What to produce
Copy out the lines of the records below, and only those lines, from the one with "Bolsas de Papel" through the one with "Трое мужчин избили алматинца на СТО", exactly as they appear.

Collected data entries

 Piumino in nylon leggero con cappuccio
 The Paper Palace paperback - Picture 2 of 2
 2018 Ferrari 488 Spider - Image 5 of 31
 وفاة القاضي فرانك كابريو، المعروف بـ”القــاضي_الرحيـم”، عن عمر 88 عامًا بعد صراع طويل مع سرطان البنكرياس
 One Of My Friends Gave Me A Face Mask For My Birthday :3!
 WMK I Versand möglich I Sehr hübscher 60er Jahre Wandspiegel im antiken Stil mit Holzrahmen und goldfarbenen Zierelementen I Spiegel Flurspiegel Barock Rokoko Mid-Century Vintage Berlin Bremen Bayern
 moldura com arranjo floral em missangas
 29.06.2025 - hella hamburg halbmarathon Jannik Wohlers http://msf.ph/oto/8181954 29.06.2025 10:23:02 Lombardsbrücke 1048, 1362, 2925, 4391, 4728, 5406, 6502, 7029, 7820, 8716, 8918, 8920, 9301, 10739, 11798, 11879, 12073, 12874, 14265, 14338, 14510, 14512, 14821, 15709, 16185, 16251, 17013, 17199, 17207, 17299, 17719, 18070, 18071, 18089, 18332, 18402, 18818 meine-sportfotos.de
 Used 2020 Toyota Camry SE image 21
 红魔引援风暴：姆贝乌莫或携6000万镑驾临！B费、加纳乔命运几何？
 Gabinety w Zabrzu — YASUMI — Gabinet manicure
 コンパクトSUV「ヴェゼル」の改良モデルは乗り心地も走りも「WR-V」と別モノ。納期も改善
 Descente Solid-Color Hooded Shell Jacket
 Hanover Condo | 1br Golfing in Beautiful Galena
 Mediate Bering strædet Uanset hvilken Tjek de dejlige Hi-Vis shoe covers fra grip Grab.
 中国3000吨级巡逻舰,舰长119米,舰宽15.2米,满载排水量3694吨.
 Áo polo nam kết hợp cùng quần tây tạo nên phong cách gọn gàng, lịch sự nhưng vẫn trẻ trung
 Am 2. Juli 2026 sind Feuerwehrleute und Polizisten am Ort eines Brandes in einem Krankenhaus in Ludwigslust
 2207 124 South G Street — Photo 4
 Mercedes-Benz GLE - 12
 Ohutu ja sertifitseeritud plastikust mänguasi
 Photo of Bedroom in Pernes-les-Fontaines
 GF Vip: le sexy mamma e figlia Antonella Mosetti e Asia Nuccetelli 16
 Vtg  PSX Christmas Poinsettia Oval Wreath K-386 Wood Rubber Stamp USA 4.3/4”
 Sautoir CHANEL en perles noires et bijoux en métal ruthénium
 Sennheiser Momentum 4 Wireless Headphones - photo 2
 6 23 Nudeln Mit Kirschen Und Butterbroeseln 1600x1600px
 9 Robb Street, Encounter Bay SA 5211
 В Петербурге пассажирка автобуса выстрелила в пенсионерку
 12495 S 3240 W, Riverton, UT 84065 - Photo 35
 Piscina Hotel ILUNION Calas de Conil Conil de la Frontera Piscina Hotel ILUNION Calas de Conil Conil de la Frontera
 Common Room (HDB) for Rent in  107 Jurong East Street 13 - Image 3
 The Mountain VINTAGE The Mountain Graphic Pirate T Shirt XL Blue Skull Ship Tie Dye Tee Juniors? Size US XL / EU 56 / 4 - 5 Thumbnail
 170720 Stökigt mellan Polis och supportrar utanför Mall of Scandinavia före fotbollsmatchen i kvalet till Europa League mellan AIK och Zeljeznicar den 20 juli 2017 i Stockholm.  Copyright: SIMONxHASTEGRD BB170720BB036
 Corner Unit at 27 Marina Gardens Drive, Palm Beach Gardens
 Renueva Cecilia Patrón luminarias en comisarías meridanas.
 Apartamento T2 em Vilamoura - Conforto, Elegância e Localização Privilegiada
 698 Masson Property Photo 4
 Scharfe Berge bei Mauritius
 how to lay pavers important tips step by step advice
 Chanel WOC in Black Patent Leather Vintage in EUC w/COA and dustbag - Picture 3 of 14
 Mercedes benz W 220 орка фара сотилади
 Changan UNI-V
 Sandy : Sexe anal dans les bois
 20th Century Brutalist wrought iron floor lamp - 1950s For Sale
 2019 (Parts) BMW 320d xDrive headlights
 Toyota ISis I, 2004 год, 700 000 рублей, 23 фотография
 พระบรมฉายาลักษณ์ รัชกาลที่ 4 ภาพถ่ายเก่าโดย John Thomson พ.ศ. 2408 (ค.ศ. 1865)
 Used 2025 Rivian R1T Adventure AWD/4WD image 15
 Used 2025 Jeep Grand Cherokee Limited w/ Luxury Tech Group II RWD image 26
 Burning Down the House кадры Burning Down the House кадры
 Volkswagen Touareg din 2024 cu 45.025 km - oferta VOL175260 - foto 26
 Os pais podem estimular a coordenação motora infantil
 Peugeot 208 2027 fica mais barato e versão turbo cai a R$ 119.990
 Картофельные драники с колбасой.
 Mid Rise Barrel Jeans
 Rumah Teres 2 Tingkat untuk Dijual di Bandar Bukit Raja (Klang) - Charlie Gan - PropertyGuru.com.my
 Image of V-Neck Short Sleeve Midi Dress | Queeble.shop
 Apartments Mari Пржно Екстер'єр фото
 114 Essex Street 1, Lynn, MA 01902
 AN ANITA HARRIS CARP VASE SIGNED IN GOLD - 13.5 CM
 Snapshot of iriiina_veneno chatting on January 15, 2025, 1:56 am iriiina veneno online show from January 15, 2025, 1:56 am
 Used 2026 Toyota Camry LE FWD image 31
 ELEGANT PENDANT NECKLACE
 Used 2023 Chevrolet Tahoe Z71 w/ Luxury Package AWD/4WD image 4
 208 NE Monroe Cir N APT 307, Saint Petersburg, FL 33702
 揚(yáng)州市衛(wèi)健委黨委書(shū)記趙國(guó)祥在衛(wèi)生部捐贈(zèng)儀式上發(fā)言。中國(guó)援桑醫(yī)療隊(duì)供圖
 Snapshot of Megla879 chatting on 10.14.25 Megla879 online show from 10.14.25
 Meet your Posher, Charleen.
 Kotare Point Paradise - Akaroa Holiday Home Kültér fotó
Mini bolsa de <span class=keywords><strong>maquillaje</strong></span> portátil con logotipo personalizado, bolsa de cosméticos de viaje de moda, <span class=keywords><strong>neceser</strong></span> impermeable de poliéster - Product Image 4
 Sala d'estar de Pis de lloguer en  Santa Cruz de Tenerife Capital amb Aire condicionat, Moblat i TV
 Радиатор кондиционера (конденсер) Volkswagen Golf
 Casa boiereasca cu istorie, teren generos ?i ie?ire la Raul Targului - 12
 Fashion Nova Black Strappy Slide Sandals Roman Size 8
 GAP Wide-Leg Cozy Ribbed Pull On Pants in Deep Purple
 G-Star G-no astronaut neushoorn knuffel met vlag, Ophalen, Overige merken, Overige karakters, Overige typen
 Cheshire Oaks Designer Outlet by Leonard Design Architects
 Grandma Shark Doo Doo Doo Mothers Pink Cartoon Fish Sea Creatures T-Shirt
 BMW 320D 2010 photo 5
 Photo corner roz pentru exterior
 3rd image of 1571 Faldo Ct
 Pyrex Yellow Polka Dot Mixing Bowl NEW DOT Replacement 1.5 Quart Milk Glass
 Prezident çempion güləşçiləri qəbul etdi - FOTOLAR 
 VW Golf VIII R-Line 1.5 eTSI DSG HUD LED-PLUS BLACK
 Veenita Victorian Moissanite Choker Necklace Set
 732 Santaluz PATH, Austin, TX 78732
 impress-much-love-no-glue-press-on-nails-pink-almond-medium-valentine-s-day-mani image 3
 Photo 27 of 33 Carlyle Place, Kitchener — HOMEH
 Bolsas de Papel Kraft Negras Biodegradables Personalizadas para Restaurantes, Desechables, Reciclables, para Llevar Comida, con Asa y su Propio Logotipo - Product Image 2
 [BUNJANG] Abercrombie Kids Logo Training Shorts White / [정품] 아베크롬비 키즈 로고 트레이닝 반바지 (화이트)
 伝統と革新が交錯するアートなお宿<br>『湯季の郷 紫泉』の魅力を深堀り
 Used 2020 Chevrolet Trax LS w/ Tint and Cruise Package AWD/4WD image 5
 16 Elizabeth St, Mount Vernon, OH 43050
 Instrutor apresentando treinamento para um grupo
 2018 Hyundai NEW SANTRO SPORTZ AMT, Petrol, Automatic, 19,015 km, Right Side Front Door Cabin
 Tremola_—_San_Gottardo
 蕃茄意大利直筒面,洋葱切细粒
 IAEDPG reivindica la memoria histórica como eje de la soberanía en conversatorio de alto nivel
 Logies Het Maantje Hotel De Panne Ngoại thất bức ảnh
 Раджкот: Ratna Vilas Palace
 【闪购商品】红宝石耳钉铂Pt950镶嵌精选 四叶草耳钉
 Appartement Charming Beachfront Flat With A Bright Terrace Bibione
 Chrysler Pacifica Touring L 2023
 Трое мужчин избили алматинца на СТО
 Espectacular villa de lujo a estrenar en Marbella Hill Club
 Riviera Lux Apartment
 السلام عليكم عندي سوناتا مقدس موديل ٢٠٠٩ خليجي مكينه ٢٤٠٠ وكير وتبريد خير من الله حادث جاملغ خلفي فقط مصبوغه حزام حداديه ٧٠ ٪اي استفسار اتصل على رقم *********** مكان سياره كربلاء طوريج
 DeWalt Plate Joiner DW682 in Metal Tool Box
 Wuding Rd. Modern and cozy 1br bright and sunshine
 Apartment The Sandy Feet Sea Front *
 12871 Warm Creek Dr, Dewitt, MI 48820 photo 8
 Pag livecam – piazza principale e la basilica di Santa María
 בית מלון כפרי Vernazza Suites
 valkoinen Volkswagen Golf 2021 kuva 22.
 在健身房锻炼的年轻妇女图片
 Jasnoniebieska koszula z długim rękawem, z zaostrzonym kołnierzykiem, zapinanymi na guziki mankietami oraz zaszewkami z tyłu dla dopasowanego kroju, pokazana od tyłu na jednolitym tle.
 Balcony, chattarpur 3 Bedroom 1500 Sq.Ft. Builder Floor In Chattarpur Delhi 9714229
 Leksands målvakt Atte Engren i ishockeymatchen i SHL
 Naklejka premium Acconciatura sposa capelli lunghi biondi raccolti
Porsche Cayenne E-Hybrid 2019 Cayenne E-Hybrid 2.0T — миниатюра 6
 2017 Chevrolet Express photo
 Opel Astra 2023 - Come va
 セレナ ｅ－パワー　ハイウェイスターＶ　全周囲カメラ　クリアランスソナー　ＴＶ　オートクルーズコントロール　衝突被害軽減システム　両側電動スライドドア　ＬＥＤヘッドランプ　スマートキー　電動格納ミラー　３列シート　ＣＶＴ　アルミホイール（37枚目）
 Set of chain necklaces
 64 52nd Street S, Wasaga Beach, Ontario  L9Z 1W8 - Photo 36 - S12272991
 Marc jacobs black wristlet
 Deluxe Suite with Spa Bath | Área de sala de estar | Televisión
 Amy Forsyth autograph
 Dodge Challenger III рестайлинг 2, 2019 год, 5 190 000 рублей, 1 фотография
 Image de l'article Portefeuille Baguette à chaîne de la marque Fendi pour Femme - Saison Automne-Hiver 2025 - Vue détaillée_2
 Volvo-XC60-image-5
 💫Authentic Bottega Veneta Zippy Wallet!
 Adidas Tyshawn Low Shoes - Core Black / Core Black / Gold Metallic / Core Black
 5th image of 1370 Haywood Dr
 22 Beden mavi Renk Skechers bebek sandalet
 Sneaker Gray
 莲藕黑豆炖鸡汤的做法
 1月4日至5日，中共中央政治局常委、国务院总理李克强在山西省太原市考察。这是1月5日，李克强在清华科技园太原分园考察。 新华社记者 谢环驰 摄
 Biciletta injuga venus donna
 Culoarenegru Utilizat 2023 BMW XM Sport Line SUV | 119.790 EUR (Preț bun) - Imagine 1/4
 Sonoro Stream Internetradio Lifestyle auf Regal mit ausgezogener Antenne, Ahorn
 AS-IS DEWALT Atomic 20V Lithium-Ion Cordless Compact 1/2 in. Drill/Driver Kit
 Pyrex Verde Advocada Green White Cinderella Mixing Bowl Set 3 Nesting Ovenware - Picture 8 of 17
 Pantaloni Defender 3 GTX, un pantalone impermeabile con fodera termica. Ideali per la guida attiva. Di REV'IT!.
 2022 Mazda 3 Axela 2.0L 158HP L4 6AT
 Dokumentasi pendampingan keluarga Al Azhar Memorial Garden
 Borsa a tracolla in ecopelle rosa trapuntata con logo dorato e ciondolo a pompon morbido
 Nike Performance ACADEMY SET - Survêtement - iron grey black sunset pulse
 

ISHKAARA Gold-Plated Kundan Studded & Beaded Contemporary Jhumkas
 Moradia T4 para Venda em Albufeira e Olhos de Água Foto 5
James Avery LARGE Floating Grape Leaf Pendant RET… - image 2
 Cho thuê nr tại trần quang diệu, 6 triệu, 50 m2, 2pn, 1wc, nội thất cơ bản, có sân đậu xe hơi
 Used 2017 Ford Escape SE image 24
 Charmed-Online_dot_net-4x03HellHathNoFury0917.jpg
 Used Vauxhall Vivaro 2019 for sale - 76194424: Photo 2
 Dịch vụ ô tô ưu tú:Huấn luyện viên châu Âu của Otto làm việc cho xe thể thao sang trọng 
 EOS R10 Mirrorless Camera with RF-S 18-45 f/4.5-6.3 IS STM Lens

Written response
 Bolsas de Papel Kraft Negras Biodegradables Personalizadas para Restaurantes, Desechables, Reciclables, para Llevar Comida, con Asa y su Propio Logotipo - Product Image 2
 [BUNJANG] Abercrombie Kids Logo Training Shorts White / [정품] 아베크롬비 키즈 로고 트레이닝 반바지 (화이트)
 伝統と革新が交錯するアートなお宿<br>『湯季の郷 紫泉』の魅力を深堀り
 Used 2020 Chevrolet Trax LS w/ Tint and Cruise Package AWD/4WD image 5
 16 Elizabeth St, Mount Vernon, OH 43050
 Instrutor apresentando treinamento para um grupo
 2018 Hyundai NEW SANTRO SPORTZ AMT, Petrol, Automatic, 19,015 km, Right Side Front Door Cabin
 Tremola_—_San_Gottardo
 蕃茄意大利直筒面,洋葱切细粒
 IAEDPG reivindica la memoria histórica como eje de la soberanía en conversatorio de alto nivel
 Logies Het Maantje Hotel De Panne Ngoại thất bức ảnh
 Раджкот: Ratna Vilas Palace
 【闪购商品】红宝石耳钉铂Pt950镶嵌精选 四叶草耳钉
 Appartement Charming Beachfront Flat With A Bright Terrace Bibione
 Chrysler Pacifica Touring L 2023
 Трое мужчин избили алматинца на СТО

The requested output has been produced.